Then, the form factor $f_{-}(0)$ is obtained as follows
\begin{eqnarray}
f_{-}(0)&=& f_{+}(0) + \int^{1}_{0}dx\int d^{2}{\bf k}_{\perp}
\frac{x\phi_{2}(x,{\bf k}_{\perp})\phi_{1}(x,{\bf k}_{\perp})}
{ \sqrt{ {\cal A}_{1}^{2}+ k^{2}_{\perp}}\sqrt{ {\cal A}_{2}^{2}+
k_{\perp}^{2} } }\nonumber\\
&\times&\biggl\{ \biggl[C_{T1}(C_{J1}-C_{J2}+C_{M}+C_{R}) + C_{T2}\biggr ]
k^{2}_{\perp}\cos^{2}\phi + C_{T3}\biggr\},
\end{eqnarray}
where the angle $\phi$ is defined by ${\bf k}_{\perp}\cdot{\bf q}_{\perp}
=|{\bf k}_{\perp}||{\bf q}_{\perp}|\cos\phi$ and the terms of $C's$ are 
given by 
\begin{eqnarray}
C_{Ji}&=&
\frac{2\beta^{2}_{i}}{(1-x)(\beta^{2}_{1}+\beta^{2}_{2})M^{2}_{i0}}
\biggl[\frac{1}{1 -[(m^{2}_{i}-m^{2}_{\bar{q}})/M^{2}_{i0}]^{2}}  
-\frac{3}{4}\biggr], \nonumber\\
C_{M}&=&\frac{1}{(1-x)(\beta^{2}_{1}+\beta^{2}_{2})}
\biggl[\frac{\beta^{2}_{2}}{M^{2}_{20}-(m_{2}-m_{\bar{q}})^{2}}
- \frac{\beta^{2}_{1}}{M^{2}_{10}-(m_{1}-m_{\bar{q}})^{2}}\biggr],\nonumber\\
C_{R}&=&\frac{-1}{4(1-x)(\beta^{2}_{1}+\beta^{2}_{2})}
\biggl[ \biggl(\frac{m^{2}_{2}-m^{2}_{\bar{q}}}{M^{2}_{20}}\biggr)^{2}
- \biggl(\frac{m^{2}_{1}-m^{2}_{\bar{q}}}{M^{2}_{10}}\biggr)^{2}\biggr],
\nonumber\\
C_{T1}&=& \frac{1}{x(1-x)}({\cal A}_{1}^{2}+ {\cal A}_{2}^{2}+
2k^{2}_{\perp}) + (m_{1}-m_{2})^{2},\nonumber\\
C_{T2}&=& \frac{2(\beta^{2}_{1}-\beta^{2}_{2})}
{(1-x)(\beta^{2}_{1}+\beta^{2}_{2})},\hspace{.1cm} 
C_{T3}= \frac{x\beta^{2}_{1}}{\beta^{2}_{1}+\beta^{2}_{2}}C_{T1}
-\frac{{\cal A}^{2}_{1}+k^{2}_{\perp}}{x(1-x)},
\end{eqnarray}
with 
\begin{eqnarray}
M^{2}_{i0} &=& \frac{k_{\perp}^{2}+m^{2}_{i}}{1-x}
+ \frac{k_{\perp}^{2}+m^{2}_{\bar{q}}}{x}.
\end{eqnarray}
The form factors $f_{+}$ and $f_{-}$ can be analytically continued to  
the time-like $q^{2}>0$ 
region\footnote{ We note that our numerical results of $f_{+}$ obtained
by the method of replacing $q_{\perp}$ by $iq_{\perp}$ in Eq.(8)
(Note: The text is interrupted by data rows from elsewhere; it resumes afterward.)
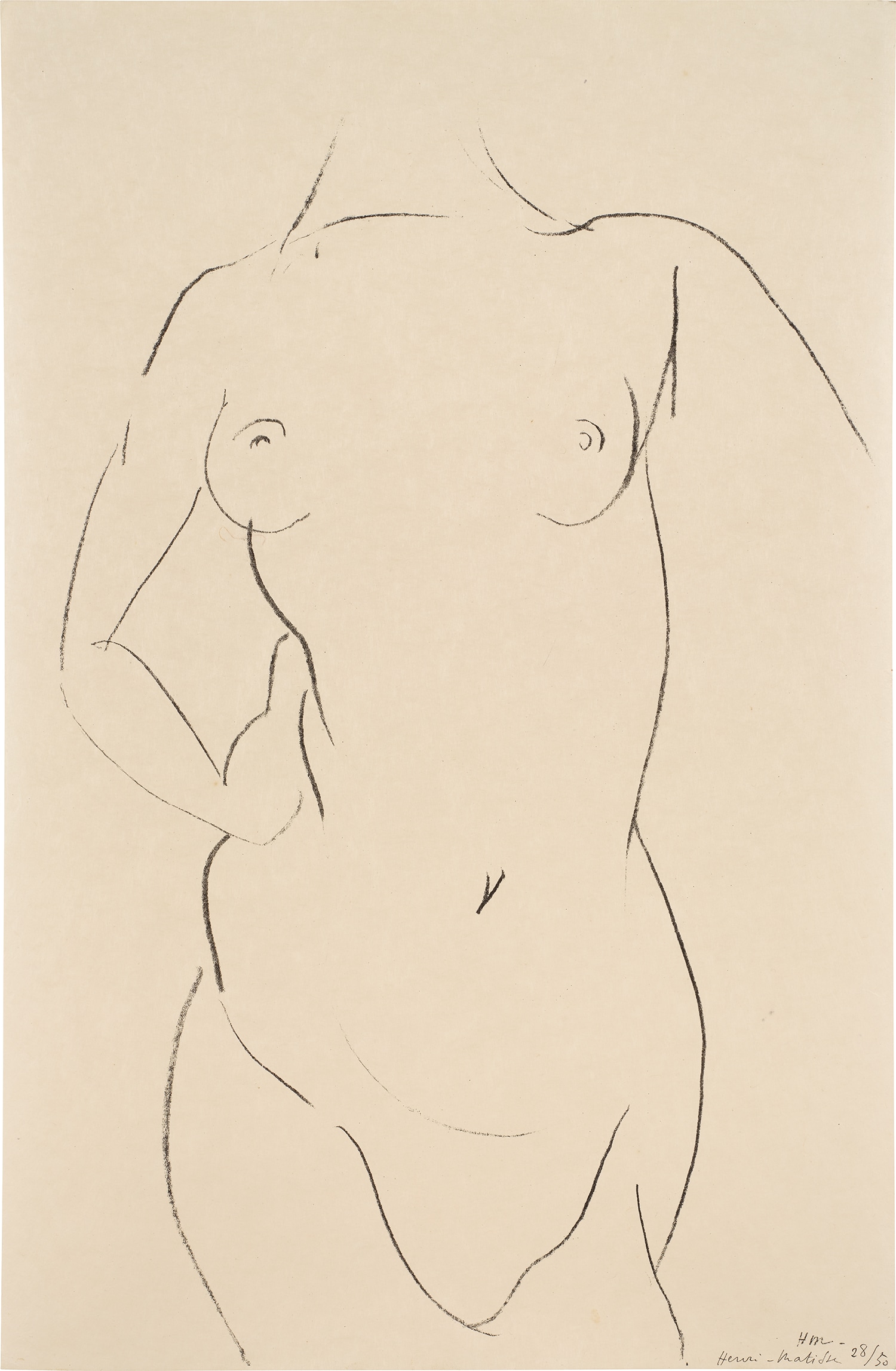 Henri Matisse — Torse de face (Torso from the Front) (D. 407)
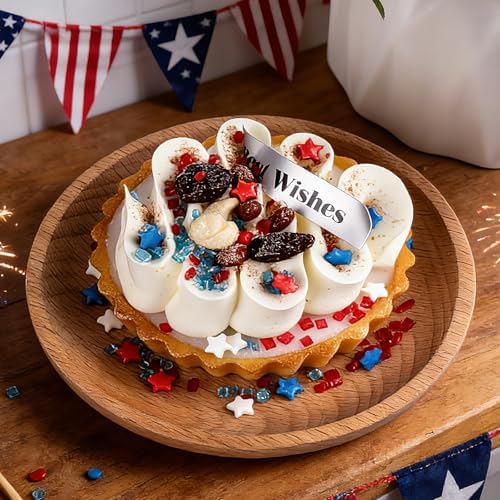 Red White and Blue Sprinkles for Cake Decorating, Patriotic 4th of July Sprinkles with Star Nonpareils Jimmies Sanding Sugar for Ice Cream Brownie Cupcake Cookie Baking - Image 3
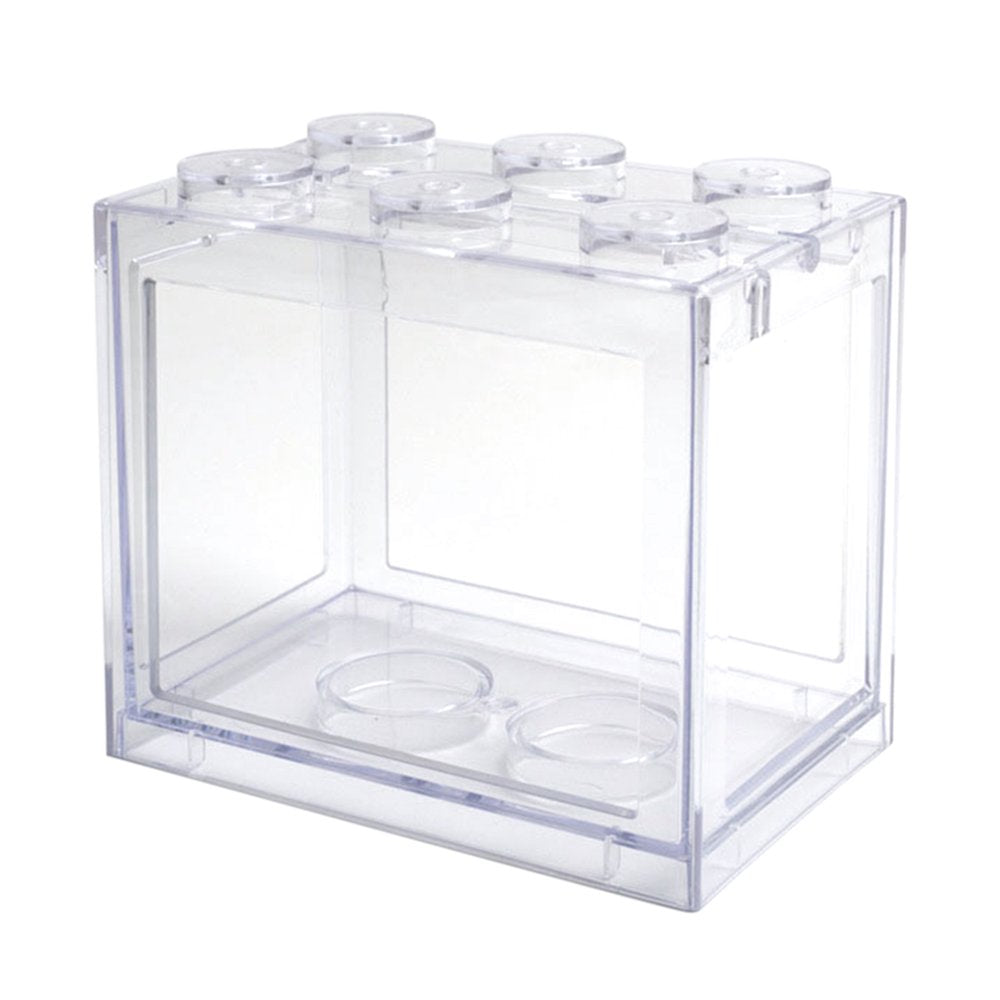 Goolrc Mini Fish Tanks Row Aquarium Stackable Tanks Feeding Tanks Mini Reptile Row Box Desktop Decoration Animals & Pet Supplies > Pet Supplies > Fish Supplies > Aquarium Lighting GoolRC Transparent  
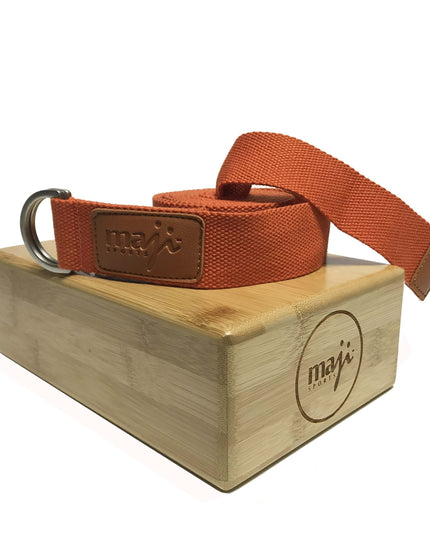 Bamboo Yoga Block & Strap Combo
for any $P\to P$($P$=Pseudoscalar) semileptonic decays are identical to  
those obtained from dispersion formulation in Ref.\cite{Melikhov}.} 
by replacing $q_{\perp}$ by $iq_{\perp}$ in
Eqs.(8) and (9). Since $f_{-}(0)$ in Eq.(12) is exactly 
zero in the $SU_{f}(3)$ symmetry\cite{Yuri}, $i.e.$, $m_{u(d)}=m_{s}$ and 
$\beta_{u\bar{d}}=\beta_{u\bar{s}}=\beta_{s\bar{s}}$, one can get  
$f_{+}(q_{\perp}^{2})=F_{\pi}(q_{\perp}^{2})$ for the $\pi^{+}\to\pi^{0}$ 
weak decay($\pi_{e3}$), where $F_{\pi}(q_{\perp}^{2})$ 
is the electromagnetic form factor of pion, and $f_{-}(q^{2})=0$ because of 
the isospin symmetry. For comparison, we briefly discuss in appendix B 
the form factors in $q^{+}\neq 0$ frame.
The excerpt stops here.